Ausschließlich aus Davids erwachsener Sicht werden die damaligen Vorkommnisse rekapituliert. Wie schuldig machte er sich durch Passivität, obwohl er nicht mitmachte und mehr mitbekam, als für ein Kind gut ist. Warum tat er gar nichts? Handelte nicht? Egal wie. Aber noch schlimmer ist, daß die Nachbarn, die Schule, die Behörden wie die drei Affen "nichts" hörten, sagten oder sahen. Natürlich! Vollkommen normal, daß ein Mädchen zu Tode gefoltert wird, aber leider bittere Realität.
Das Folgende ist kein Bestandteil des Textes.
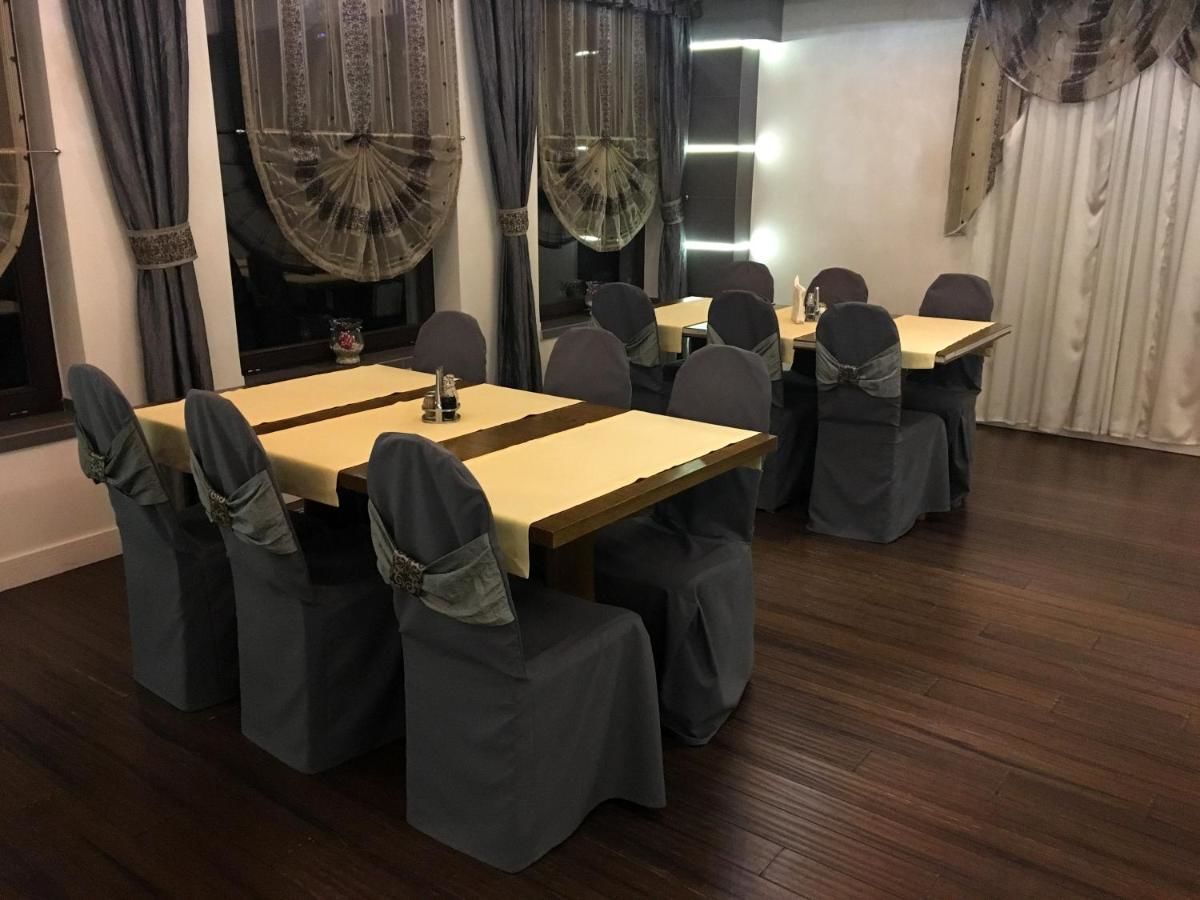 Курортные отели Zajazd Pod Borem Pokój-30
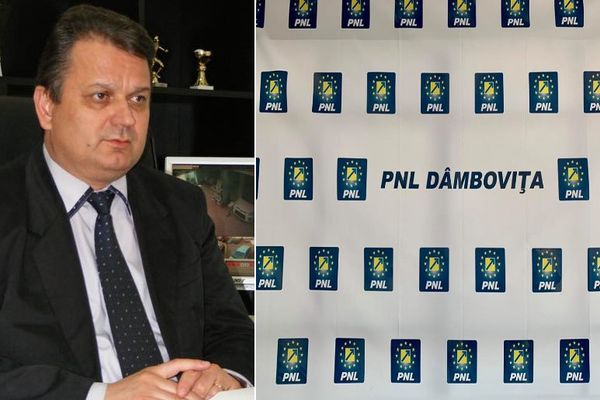PNL Dâmbovița a trecut la epurări. 12 consilieri locali au fost excluși din partid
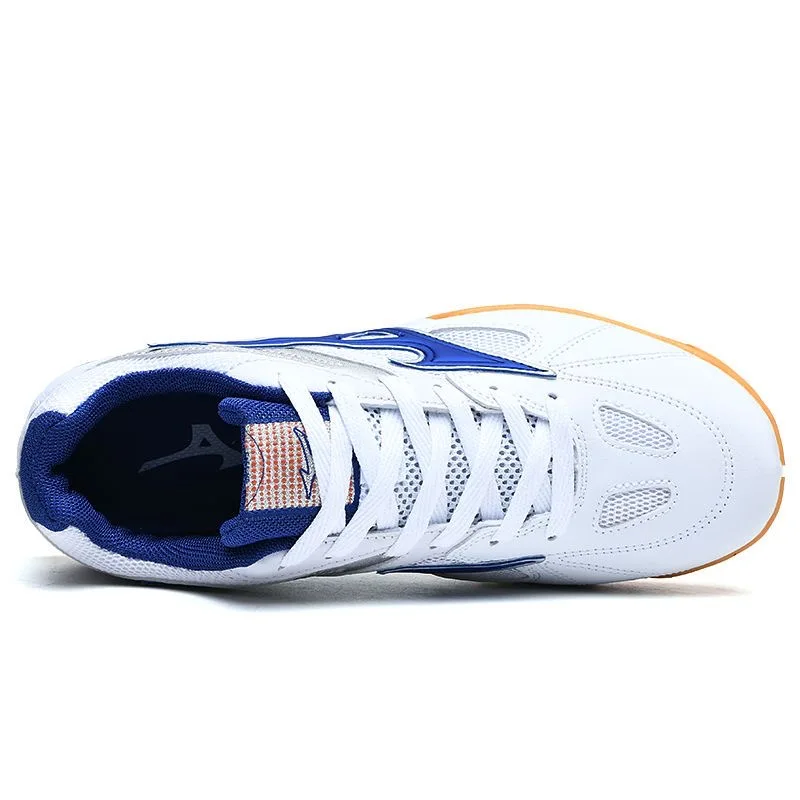 Men Table Tennis Shoes Badminton Training Sneakers Non-Slip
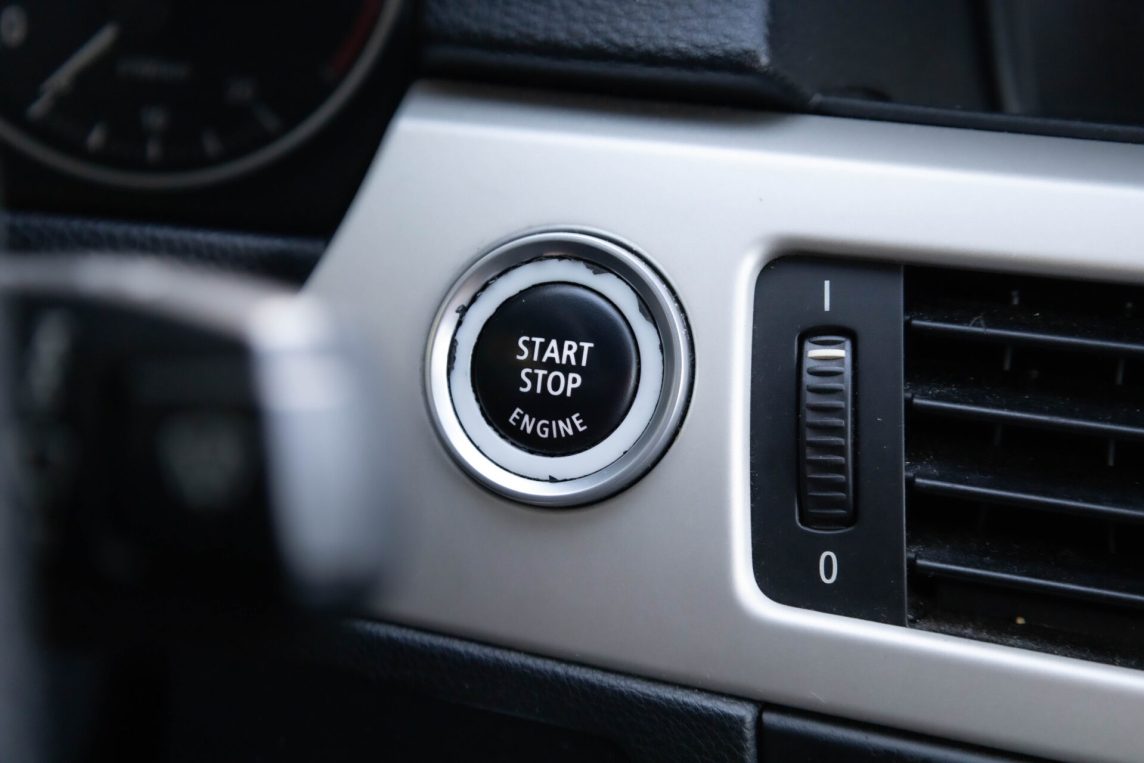 BMW 320D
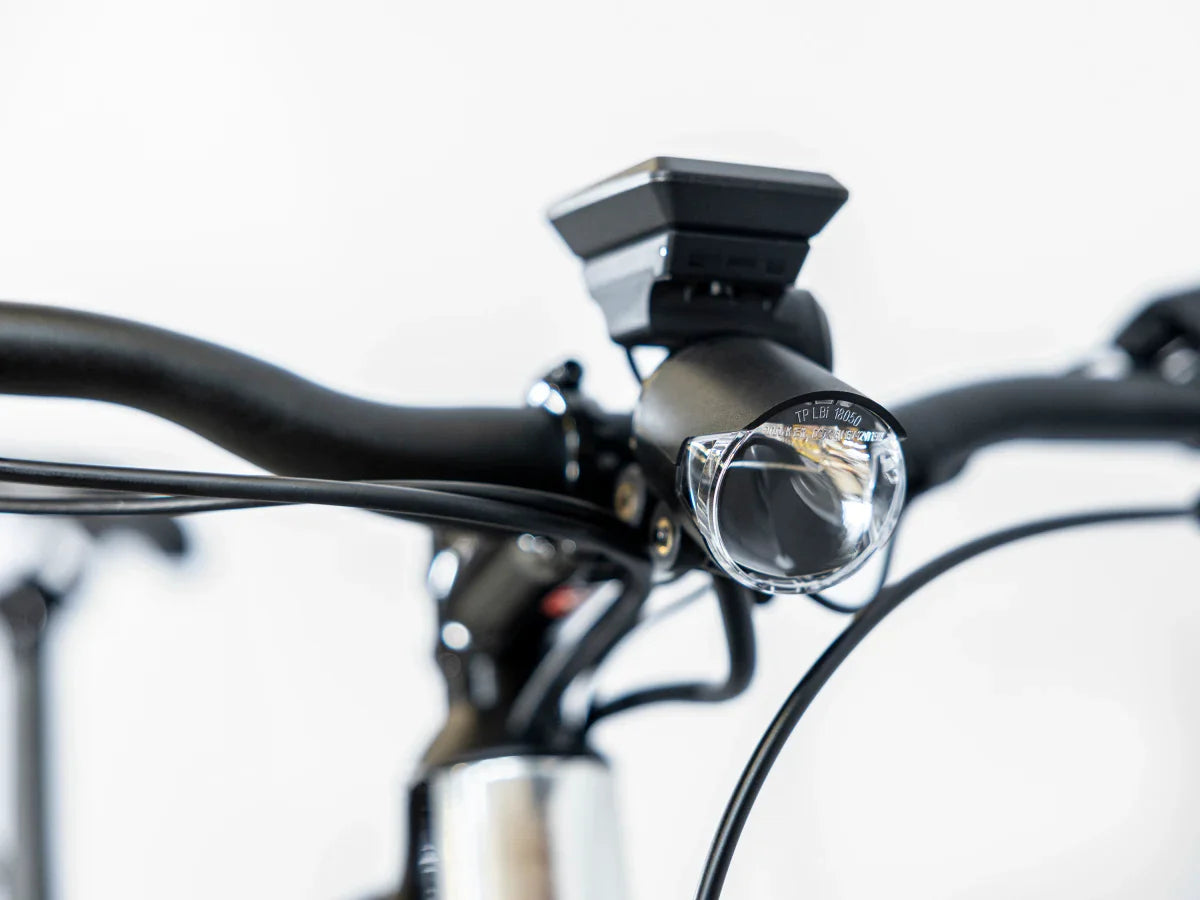 Trek Allant+ 5 Stagger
Jack Ketchum ist nicht voyeuristisch, auf billige Schocks aus und ergötzt sich auch nicht am Leid im Stile eines Torture Porns. Man merkt seinen eigenen Zorn, Fassungs - und Hilflosigkeit mehr als deutlich. Und das Buch macht betroffen. Aus Neid und Eifersucht wird Meg zum absoluten Haßobjekt von Ruth. Die Tortur wird immer extremer, unvorstellbar. Sowas hatte man aus Konzentrationslagern gehört, von Regimen und Foltergefängnissen.
Schleichend breitet sich der Teppich der Dunkelheit aus und der Autor schildert schonungslos, wie die Grausamkeit sich selbst immer bestialischer generiert und die Abwärtsspirale an Tempo exponentiell zunimmt.
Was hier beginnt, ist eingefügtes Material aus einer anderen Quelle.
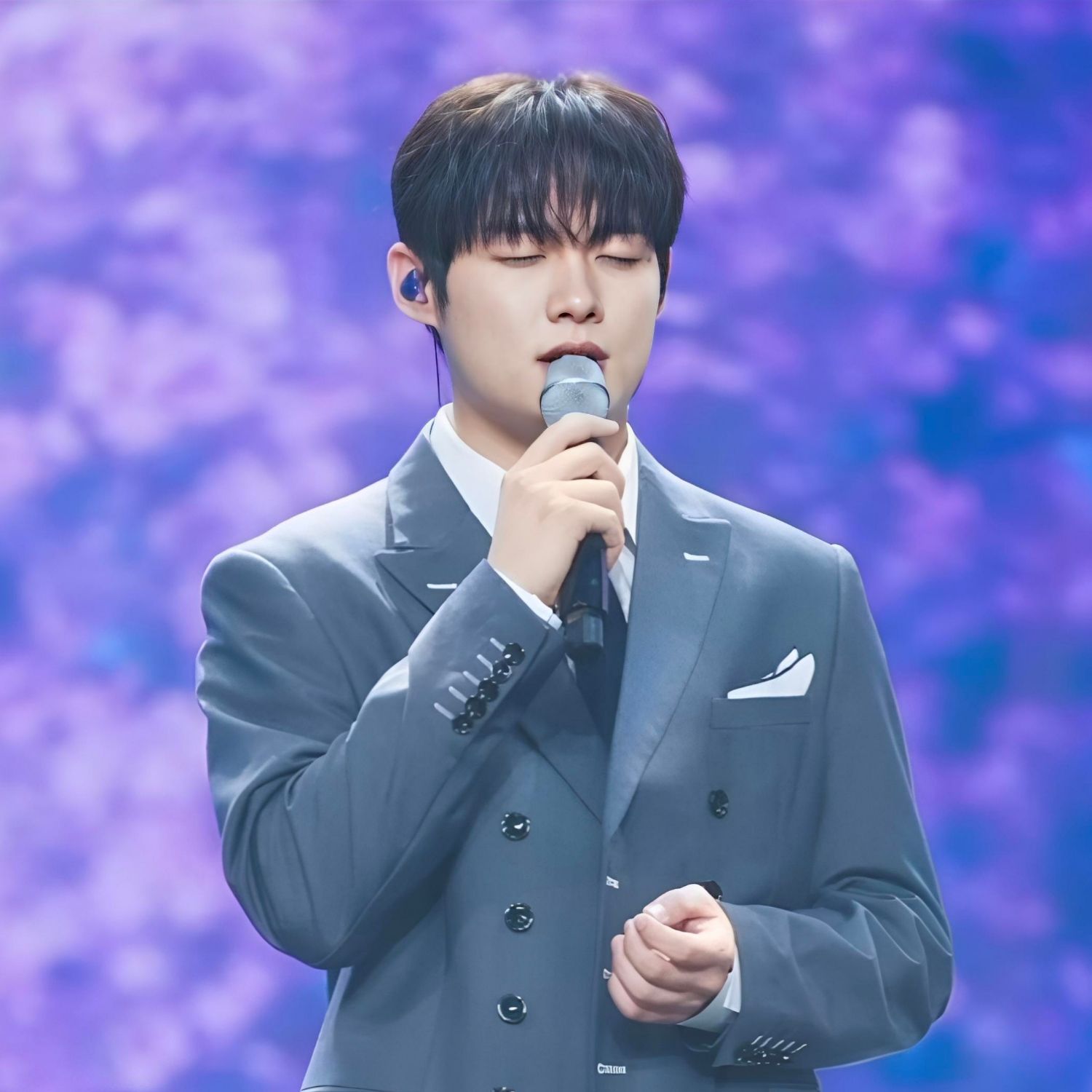 Latest photo of Choi Jaemyeong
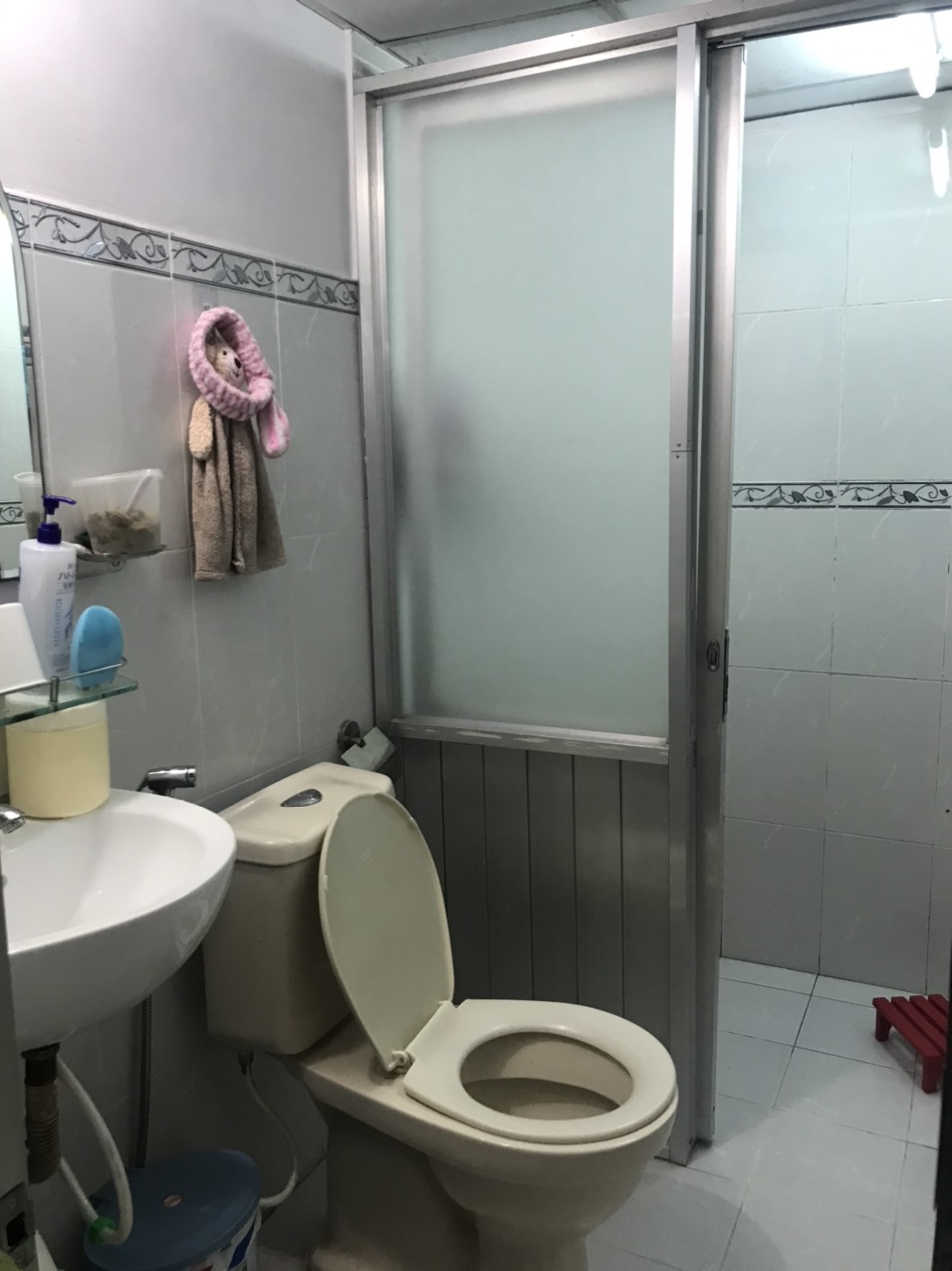 Cần bán Nhà ở, nhà cấp 4, nhà hẻm Phường Tân Thới Hòa, Tân Phú, Diện tích 37.2m², Giá Thương lượng 6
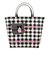 【当商品送料無料】ROOTOTE サンリオ ルートート 8474 通販 カゴバッグ かごバッグ トートバッグ バスケット ランチバッグ ランチトート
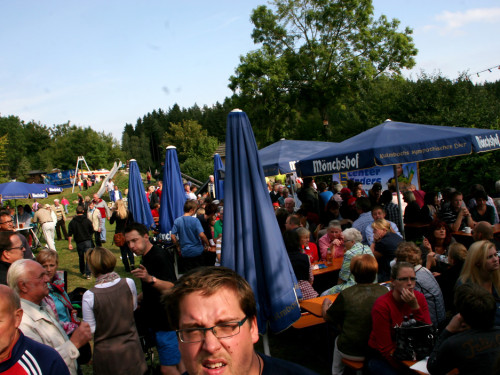 Hochfrankenspiele 2012 – Foto 13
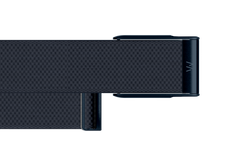 Whoop MG Superknit Accessory Band - Midnight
Und das Allerschlimmste ist, wie schon erwähnt, daß das tatsächlich passiert ist. Kurzer Abriß:
Sylvia Marie Likens ( *03.01.1949 Lebanon / Indiana ) starb nach einer beispiellosen Tortur am 26.10.1965 in Indianapolis. Subdurales Hämatom, Schock, Dehydration und Malnutrition.
Fünf Kinder, Eltern, die von Jahrmarkt zu Jahrmarkt ziehen. Aus diversen Gründen gab der Vater Sylvia und die jüngere Schwester Jenny in Pension zu Gertrude Baniszewski.
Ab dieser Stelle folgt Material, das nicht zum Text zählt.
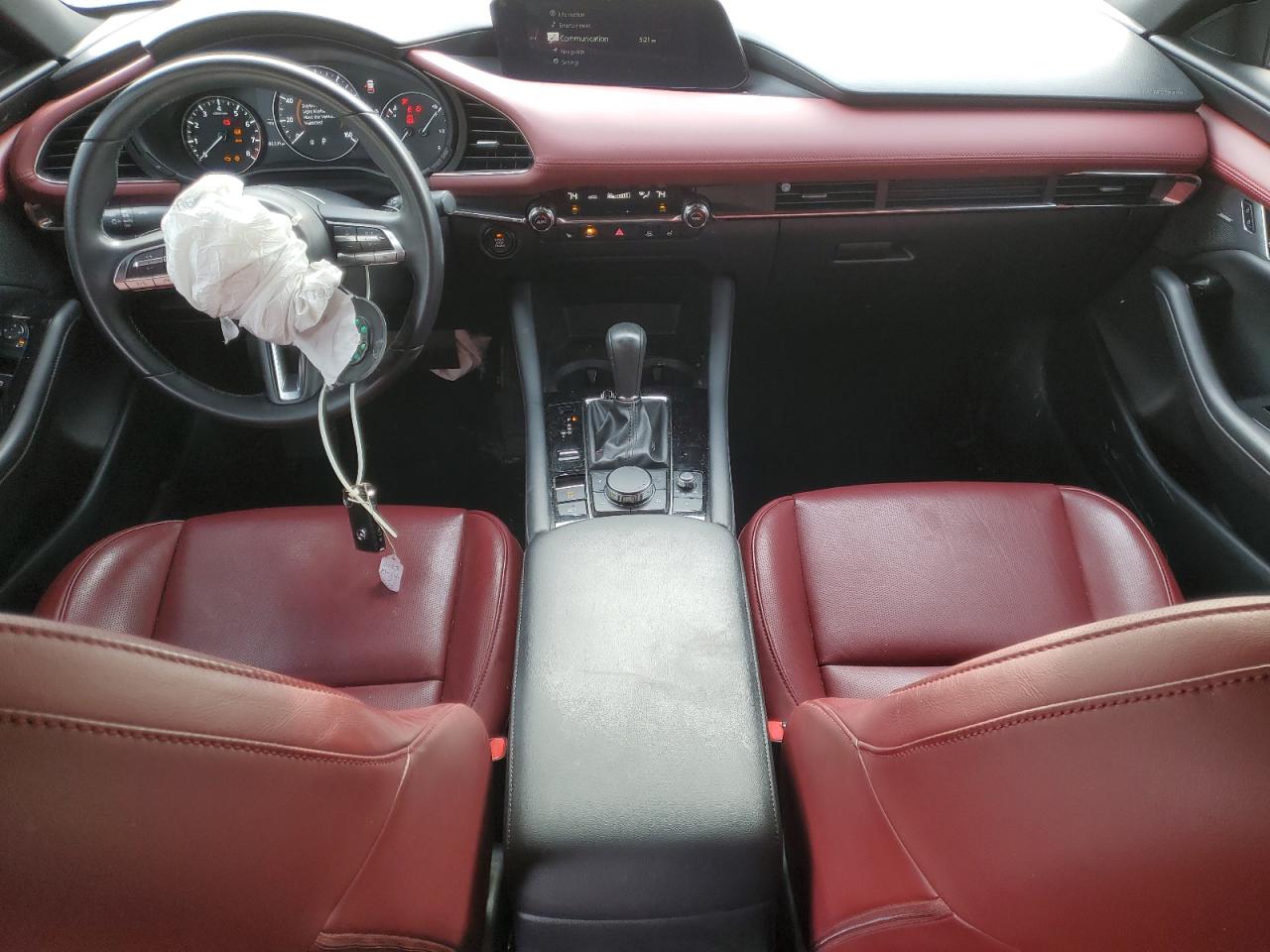 2023 Mazda 3 - Image 8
Drei Wochen ging alles gut, aber das Geld des Vaters, das wöchentlich kam, traf zu spät ein. Es fing mit Schlägen auf die entblößten Hintern der Mädchen an. Baniszewski war alleinerziehende Mutter sieben Kinder mit eigenem Haus. Sie und ihre Teenagertochter Paula sind von Neid sowie Eifersucht auf hauptsächlich Sylvia zerfressen. Jenny ist infolge von Polio behindert. Verleumdungen, Schläge, Essensentzug, Demütigungen, Freunde der Teenagerkinder der Baniszewski fingen an sich mit "Hingabe" zu beteiligen, hinterher sogar Nachbarskinder.
Es wurde immer exzessiver, daß sogar ein Foltermeister sich gewundert hätte. ( ein Beispiel: brennende Zigaretten auf der Haut - hundert Mal hintereinander in kurzer Zeit! ). Unaussprechliche grauenvolle Folterqualen! Die man nicht hier erwähnen kann, sogar mit sexuellen Komponenten. Nachbarn, Schule und Behörden sahen weg, verharmlosen, spielten runter, glaubten nicht.
Und das Empörendste ist: Baniszewski wurde 1966 zu lebenslänglich verurteilt und kam 1981 bereits wieder frei und auch die anderen Sadisten bekamen nur lächerliche Strafen für diese ungeheuerliche, unvorstellbare Verbrechen. Nachweislich waren weder Baniszewski noch "Ruth" wahnsinnig, obwohl das eine bequeme Option gewesen wäre, sich das Grauen zu erklären. Einfach nur verkommen, bar jeder Empathie, verroht. Deswegen ist dieses Buch, auch wenn es unangenehme Lektüre ist, sehr wichtig. Es rüttelt auf, sensibilisiert und mahnt zur Wachsamkeit, denn auch der nette Nachbar oder der freundliche Onkel, die zuvorkommende Tante kann ein grausamer Sadist sein.